Das stärkste Argument der Olympia-Verteidiger ist stets die Nachhaltigkeit. Dabei wird dieser Begriff verdreht. Nachhaltig wäre es, die Differenzierung der Hamburger Wirtschaft voranzutreiben, sozialen Wohnungsbau zu intensivieren und Überlastung zu vermeiden. Teure Anlagen nach Olympia weiter zu nutzen, ist wünschenswert, macht aber das Mammut-Projekt nicht nachhaltig.
Für alle südlich der Elbe: Hamburg ist bereits mit drei gigantischen Bauprojekten beschäftigt. Das größte europäische Städtebauprojekt HafenCity wird in ehemaligen Hafenanlagen weiter ausgebaut; eine der meistbefahrensten Autobahnen Deutschlands, die A7, bekommt in einem 10-jährigen Bauprozess mitten in Hamburg einen Deckel; und einer der „Top-15-Bahnhöfe“ Deutschlands, der Bahnhof Altona, wird um 1,5 Kilometer verlegt. Am alten Platz entsteht ein Quartier mit zweitausend Wohnungen, Parks und Schulen.

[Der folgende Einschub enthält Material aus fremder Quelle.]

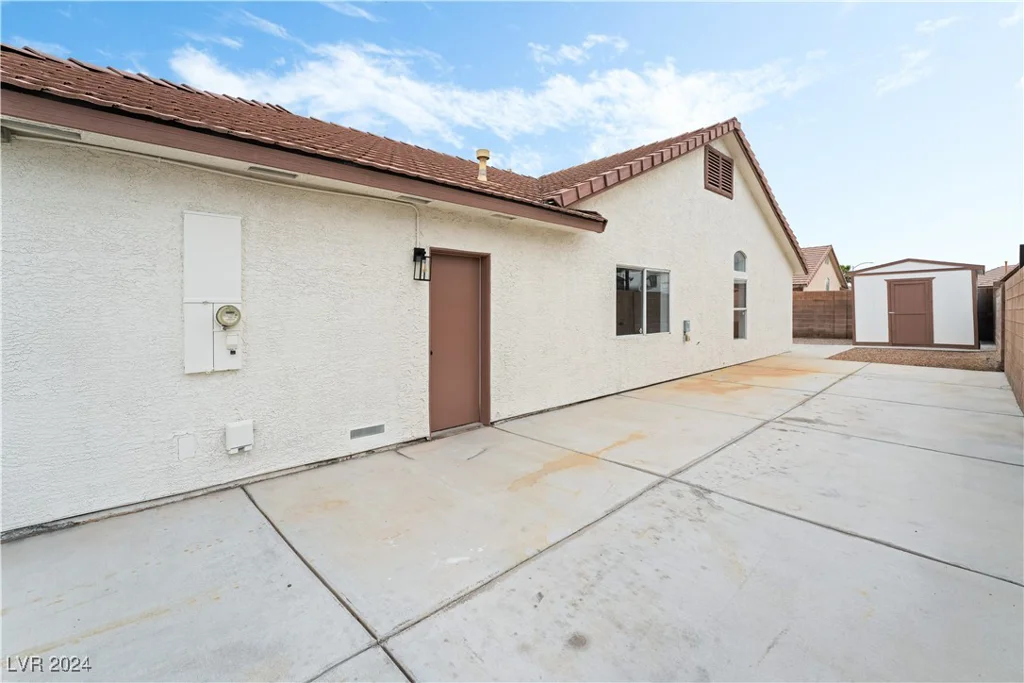 5301 Clouds Rest, Las Vegas, NV 89108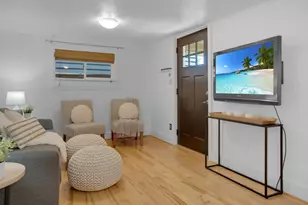 1117 NW Milwaukee Ave, Bend, OR 97703 - Photo 6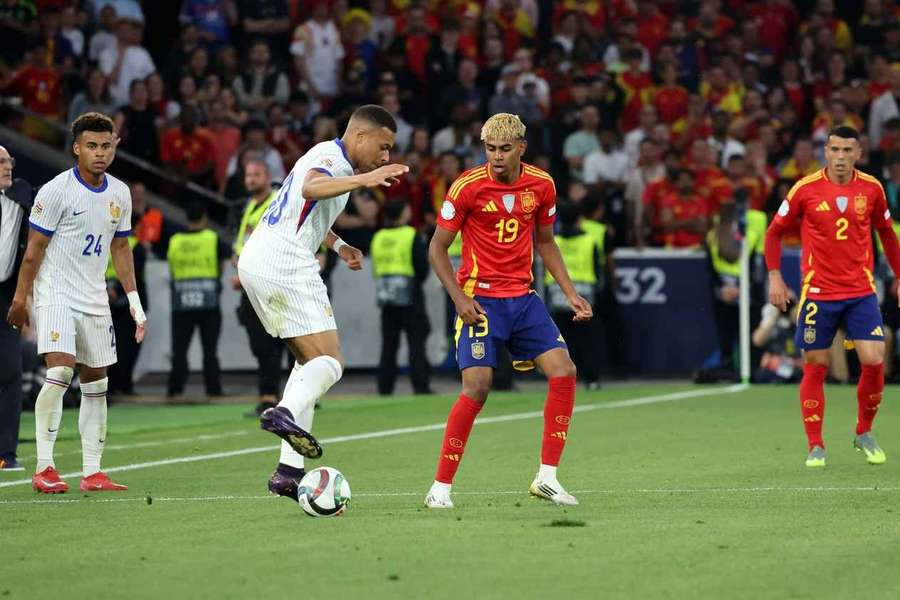 Yamal e Mbappé se enfrentam mais uma vez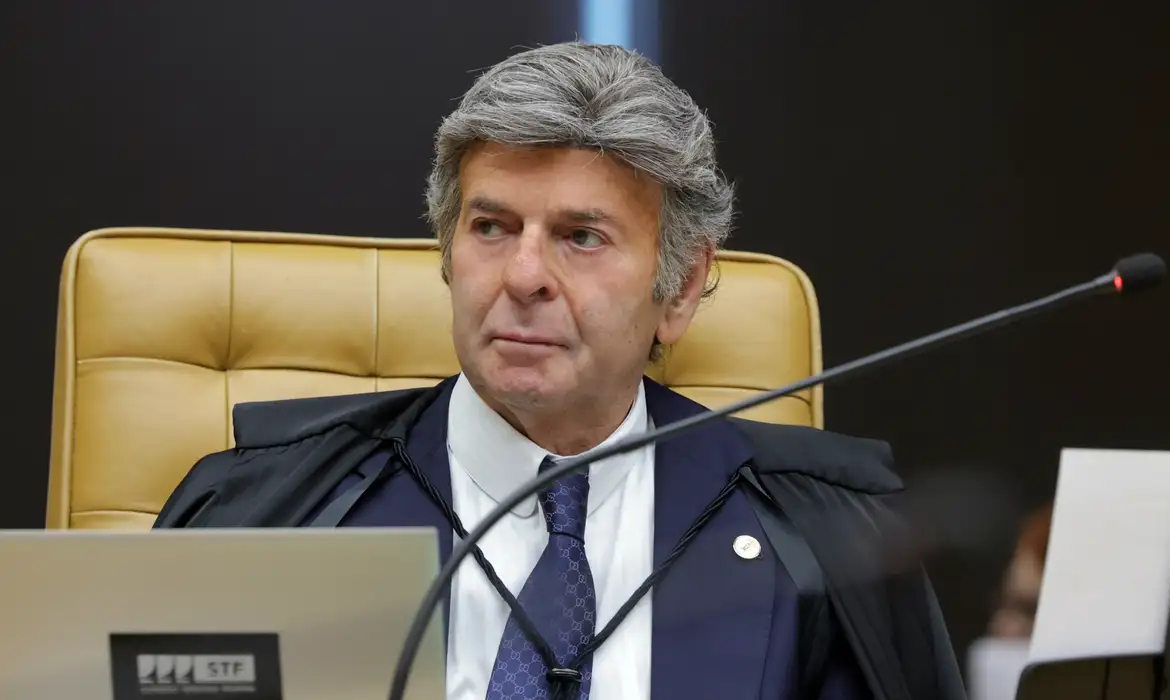 Fux vota por eleição indireta para governo do Rio com placar empatado no STF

Hamburg baut ohne Ende. Auch Olympia wäre in erster Linie ein Bauprojekt, natürlich von höchster Priorität. Allerdings soll keines der anderen hoch priorisierten Projekte vor 2024 abgeschlossen sein. Folge: Überlastung. Mit einem „schlanken“ Stadtbudget ist Olympia ohnehin nicht vereinbar. Der Hamburger Entwurf ist zwar sparsam und wohlüberlegt, oft wird er mit London verglichen. Doch letztlich kosteten die Spiele London neun Milliarden Euro – nach Abzug der Einnahmen. In Hamburg wird geplant, Kosten von fast acht Milliarden Euro auf den deutschen Steuerzahler umzuwälzen. Wie kann das gerechtfertigt werden? Das fragt auch der Bund und somit wird die Kostenfrage aktuell zur Streitfrage.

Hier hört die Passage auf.